A volte un semplice documento burocratico porta a chi studia le vicende di una città a evocare eventi e personaggi che a buon diritto sono entrati nella storia della città stessa.

Qualche anno or sono durante una delle mie solite «immersioni nel passato» la mia attenzione è stata attratta dall’atto di morte di «Donna Vittoria Pinto». Continuando a leggere il documento accerto che era nata a Torino figlia «del fu Bernardino Pinto di Barre e Massone e della fu Marianna Dunan».

Donna Vittoria abitava nella parrocchia di S. Maria Canale ed era coniugata, in terze nozze, con «il sig. Giovanni Battista Ferrari». Due i precedenti mariti che l’avevano lasciata vedova: il cav. Majani e il cav. Melchiodi.

Il decesso, «d’età d’anni ottanta», era avvenuto il 3 marzo 1838.

Il pensiero è ovviamente andato a quel Bernardino Pinto (*1704 – + 1788) che aveva progettato e realizzato il forte di Tortona, un vero gioiello d’arte militare, che il Bonaparte nella primavera del 1801 fece distruggere.

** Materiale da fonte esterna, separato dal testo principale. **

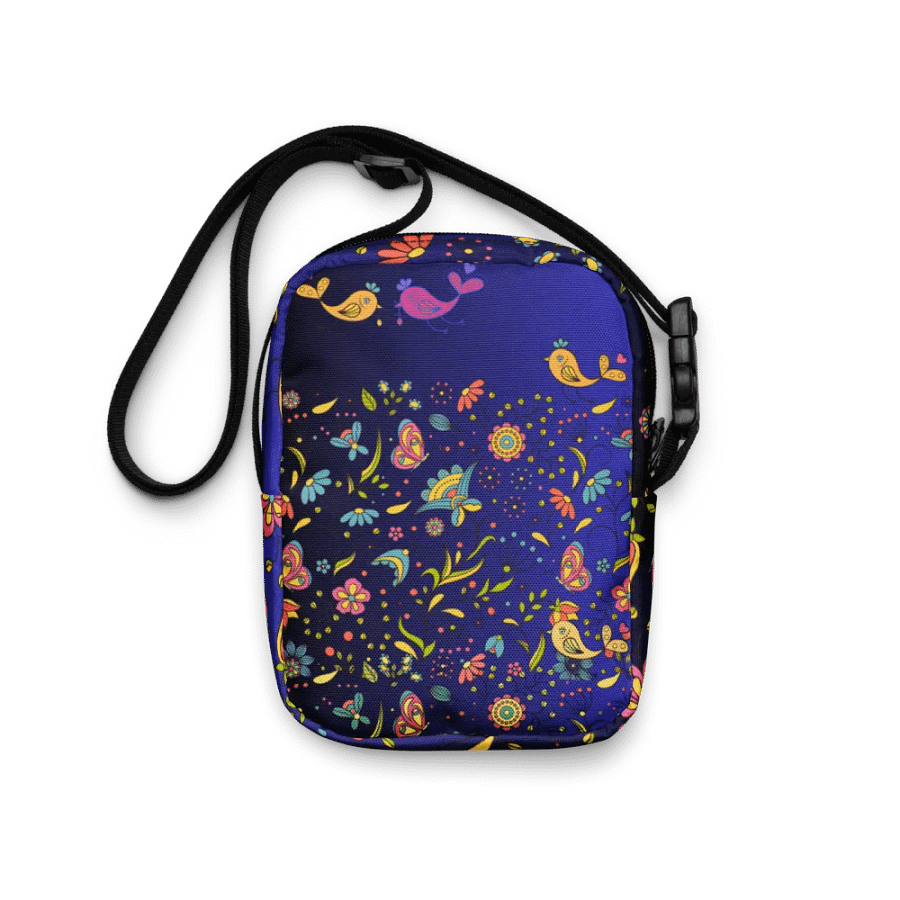 Whimsical Garden Party Crossbody Bag for travellers ladies girls product image (6)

Per diversi anni, sicuramente dal 1738 al 1744, l’ing. Pinto, proprio per i motivi legati al suo incarico, aveva eletto la sua residenza in Tortona dove erano nati quattro figli. Tre erano nati in precedenza a Bianzé, mentre per altri cinque è documentata la nascita a Torino. Di un figlio non si conosce nemmeno il nome; si sa solo che era poi divenuto «canonico a Varsavia».

Una permanenza, quella tortonese, tutto sommato breve. Il progetto era ad uno stadio avanzato, ma quelli che mancavano erano i fondi. In una lettera inviata il 22 marzo 1750 da Susa dove si trovava per motivi di lavoro scriveva al vescovo di Tortona, mons. Andujar, che riguardo alla fortezza di Tortona «non vi vogliono per adesso farvi gran cosa a motivo, credo per essere basse le finanze».

Ma torniamo alle vicende di famiglia fornendo il quadro completo della numerosa prole, frutto di due ricerche, una effettuata da chi scrive con Giuseppe Bonavoglia l’altra da Stefano Negri e Giovanni Rosso, studi entrambi pubblicati sul Bollettino Storico Vercellese rispettivamente nel 1994 e 1998 (i nati a Tortona sono in corsivo):

Ursula Maria, 1723;

Giuseppe Antonio, 1724;

Maria Margherita Francesca, 1727;

Felicita Teodora Petronilla, 5 dicembre 1738;

Giuseppe Lorenzo Giacinto, 12 novembre 1739;

Barbara Teresa, 16 gennaio 1743;

Giuseppe Ignazio Gaetano, 13 gennaio 1744;

…. 1745? [poi canonico a Varsavia];

Pietro Giovanni Battista, 1746;

Francesco Maria, 1748;

Carlo Felice Eustachio, 1752;

Pietro Luigi, 1755;

Felice Lorenzo Romano, 1759.

Nell’elenco manca Vittoria, residente e deceduta a Tortona il cui terzo marito, tortonese, apparteneva alla nobiltà cittadina, nato nella notte tra il 14 e il 15 maggio 1766 da Don Giacomo Antonio e Donna Antonia Piantanida abitanti nella parrocchia di San Michele.

Un matrimonio, quello tra Vittoria e Giovanni Battista, avvenuto già in là con gli anni e con una bella differenza di età: nello Status animarum della parrocchia di Santa Maria Canale del 1830 il Ferrari ha 61 anni, mentre donna Vittoria 74 e risiedono in una casa sita nell’isola «di San Pietro».

Sulla base dei vari documenti trovati si può far risalire al 1757 l’anno di nascita di Vittoria, quindi tra i due fratelli Pietro Luigi e Felice Romano. E nell’atto di morte si legge chiaramente che era nata a Torino.

La sua salma venne inumata nel cimitero cittadino il 4 marzo.

Ben diverse le vicende di quella del padre che inizialmente era stato sepolto nella chiesa del castello di Tortona, posta al centro del forte e dedicata al Beato Amedeo di Savoia. Dopo la distruzione del forte i suoi resti vennero sepolti in una fossa posta dietro l’abside di Santa Maria Canale, senza che nel Liber mortuorum venisse annotato alcunché. Sunt lacrimae rerum…

(Sento il dovere di ringraziare l’amico Emanuele Zecchin per la preziosa collaborazione, n.d.a.).